● **Action item**:
Starting with the line containing "Geometric Sequence r greater than 1" and going on through the line containing "Pampers New Baby", return the lines of the data below exactly, and only those.

● **Record set**:
★ ★ ★ ★
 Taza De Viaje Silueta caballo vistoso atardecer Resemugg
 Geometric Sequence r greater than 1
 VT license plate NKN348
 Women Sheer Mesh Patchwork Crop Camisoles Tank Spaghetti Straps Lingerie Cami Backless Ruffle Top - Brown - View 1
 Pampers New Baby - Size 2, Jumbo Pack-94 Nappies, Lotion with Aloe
★ ★ ★ ★
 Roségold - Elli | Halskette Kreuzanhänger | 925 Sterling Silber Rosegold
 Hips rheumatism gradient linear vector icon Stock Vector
★ ★ ★ ★
● **Solution for this exercise**:
 Geometric Sequence r greater than 1
 VT license plate NKN348
 Women Sheer Mesh Patchwork Crop Camisoles Tank Spaghetti Straps Lingerie Cami Backless Ruffle Top - Brown - View 1
 Pampers New Baby - Size 2, Jumbo Pack-94 Nappies, Lotion with Aloe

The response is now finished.